Below are some entries. Transcribe the lines from the one holding "STORM 47504/LP Elexi" to the one holding "Engraving on the", inclusive, but not the pictures among them.
*** Opening of Records for this task ***
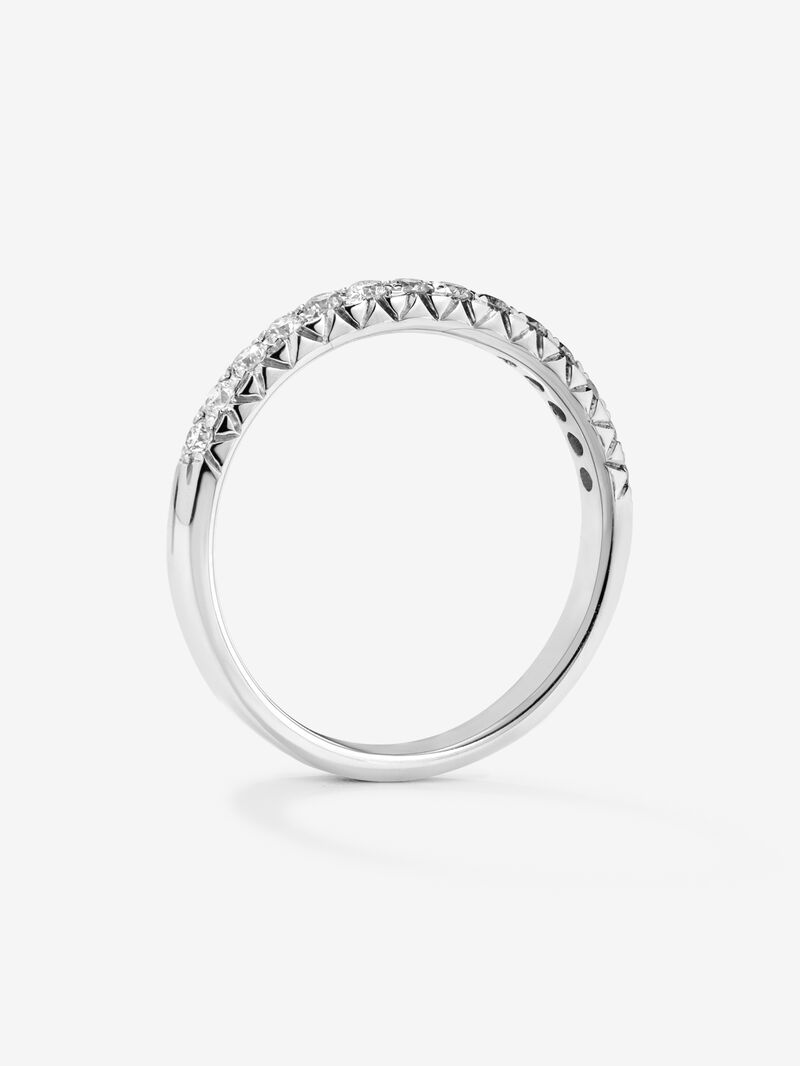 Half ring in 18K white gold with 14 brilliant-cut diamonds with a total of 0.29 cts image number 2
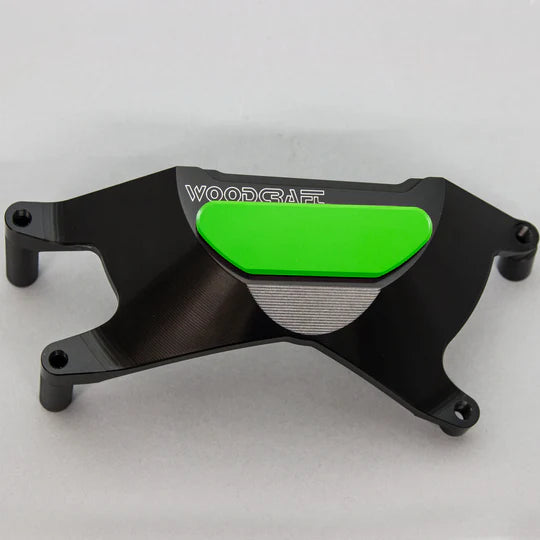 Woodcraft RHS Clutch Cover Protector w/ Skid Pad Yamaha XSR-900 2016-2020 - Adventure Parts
*** Close of Records for this task ***
*** Opening of Records for this task ***
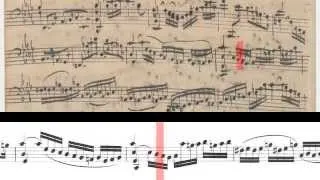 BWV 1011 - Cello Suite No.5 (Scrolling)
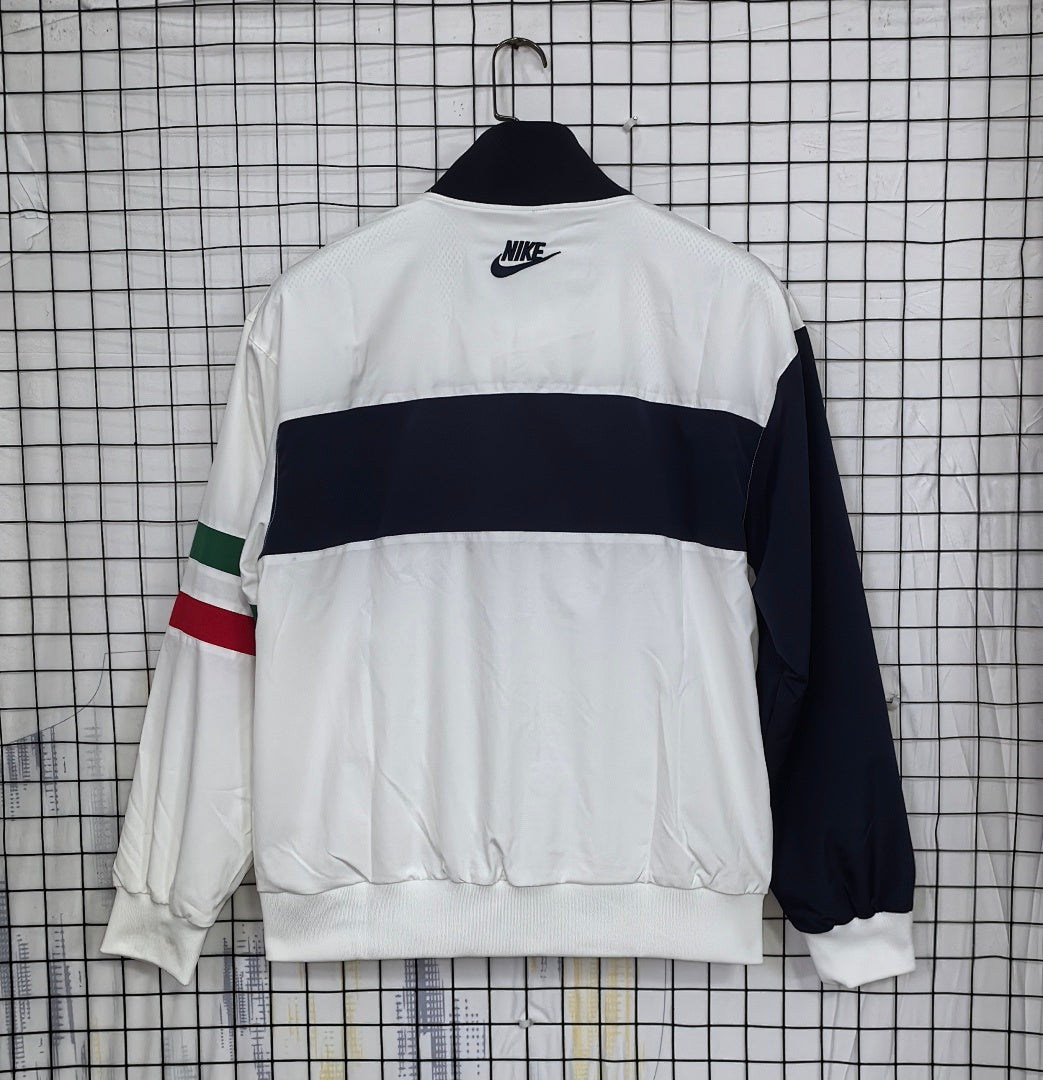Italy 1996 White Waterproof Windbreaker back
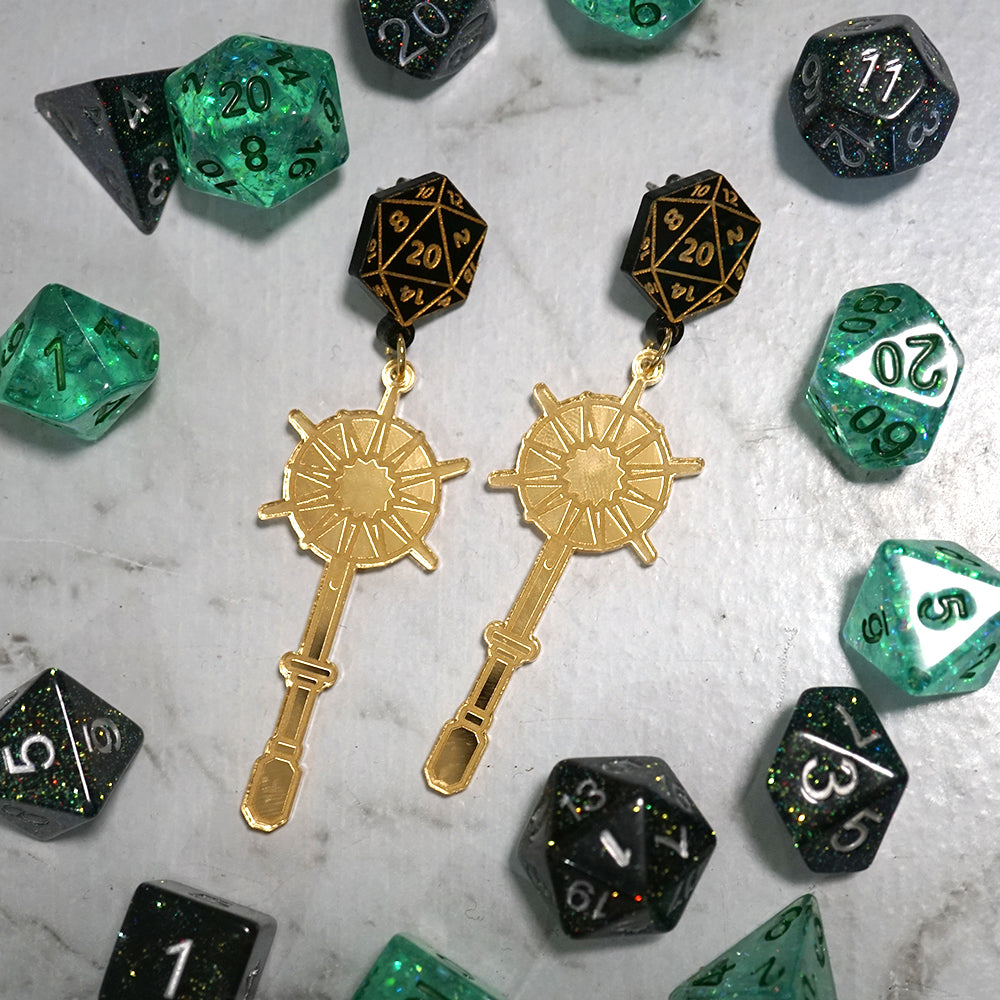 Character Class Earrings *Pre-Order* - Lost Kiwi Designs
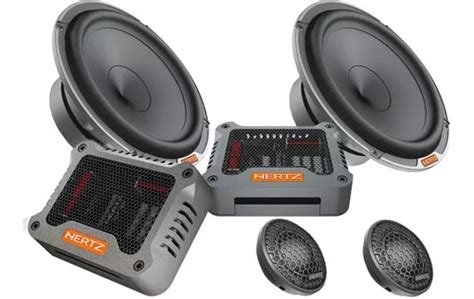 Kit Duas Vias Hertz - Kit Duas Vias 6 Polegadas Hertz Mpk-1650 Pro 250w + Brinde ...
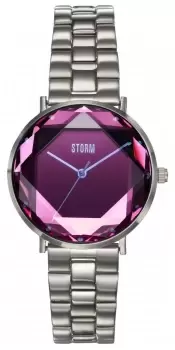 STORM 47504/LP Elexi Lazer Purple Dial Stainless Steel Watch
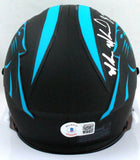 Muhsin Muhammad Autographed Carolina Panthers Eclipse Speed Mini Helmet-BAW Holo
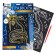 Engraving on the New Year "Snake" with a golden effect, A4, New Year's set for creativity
*** Close of Records for this task ***
*** Opening of Records for this task ***
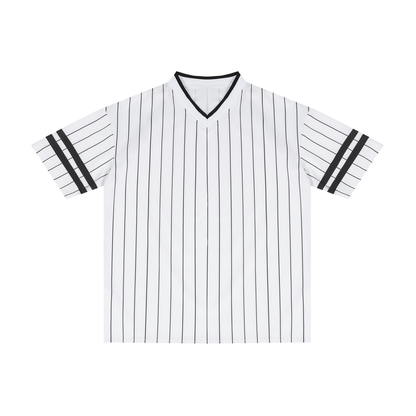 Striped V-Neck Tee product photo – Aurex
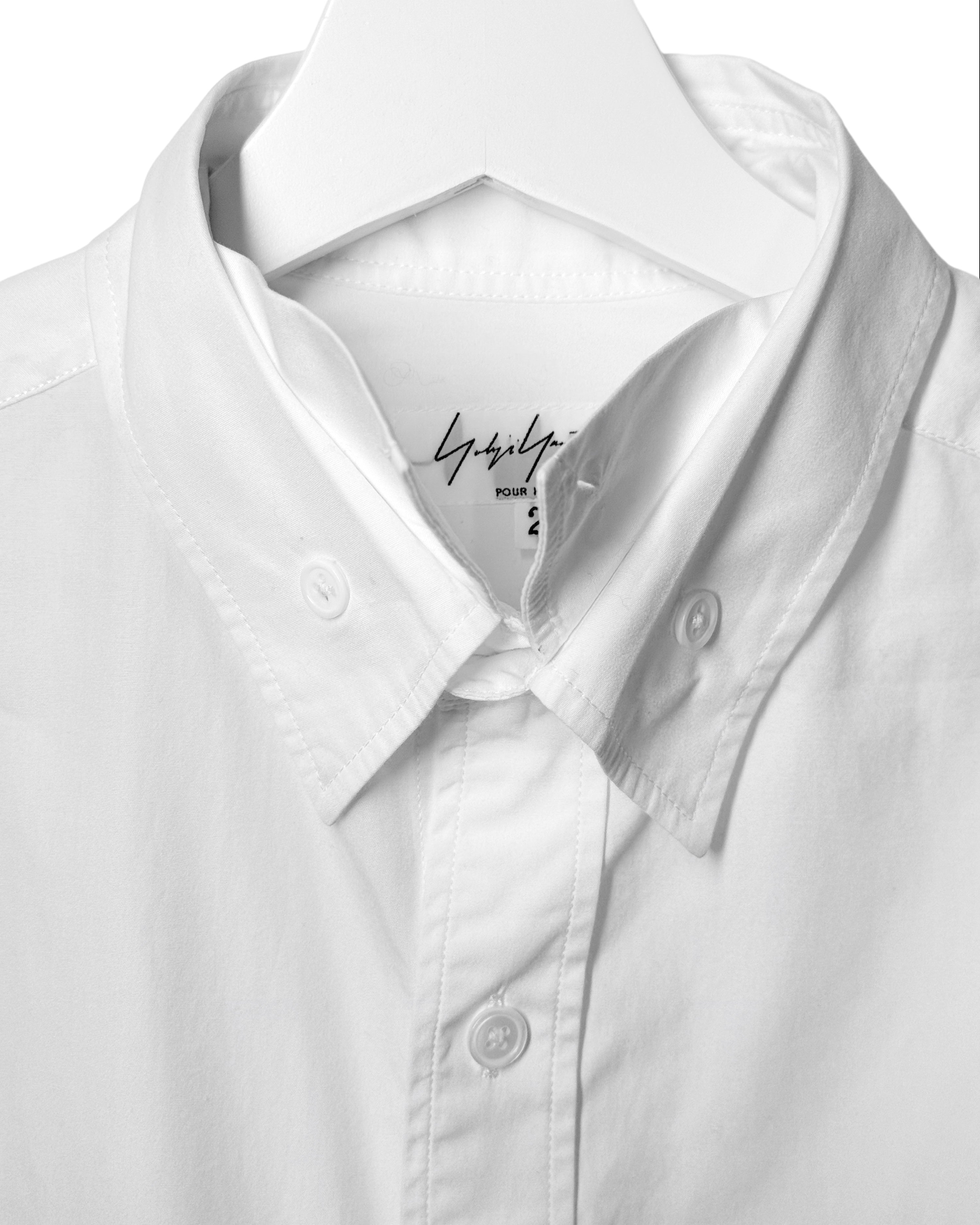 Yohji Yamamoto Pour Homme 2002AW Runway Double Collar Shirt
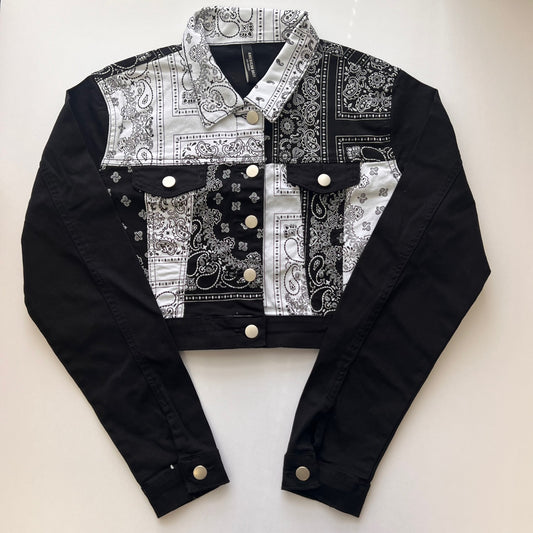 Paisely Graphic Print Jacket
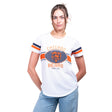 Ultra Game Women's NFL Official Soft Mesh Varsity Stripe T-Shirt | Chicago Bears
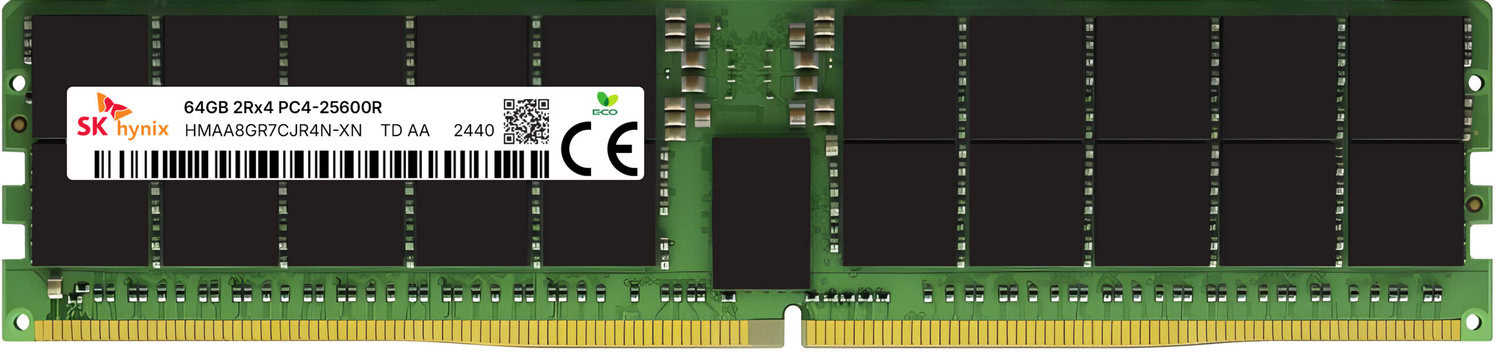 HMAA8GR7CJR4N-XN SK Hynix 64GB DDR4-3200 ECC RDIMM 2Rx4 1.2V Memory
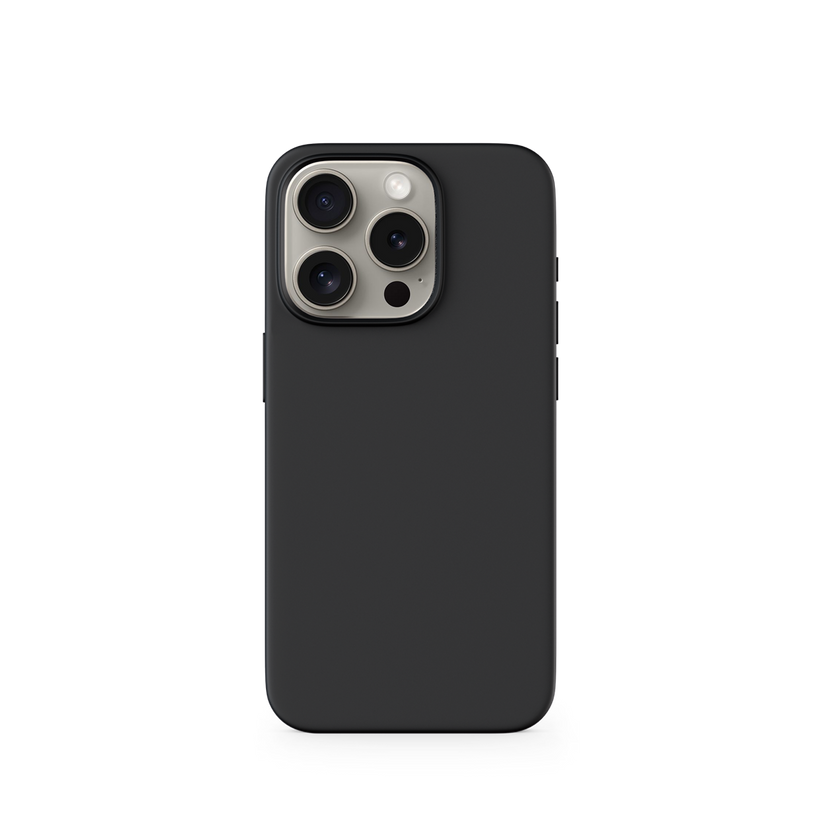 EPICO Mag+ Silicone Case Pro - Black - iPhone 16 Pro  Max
*** Close of Records for this task ***
Reply to the task »
 STORM 47504/LP Elexi Lazer Purple Dial Stainless Steel Watch
 Muhsin Muhammad Autographed Carolina Panthers Eclipse Speed Mini Helmet-BAW Holo
 Engraving on the New Year "Snake" with a golden effect, A4, New Year's set for creativity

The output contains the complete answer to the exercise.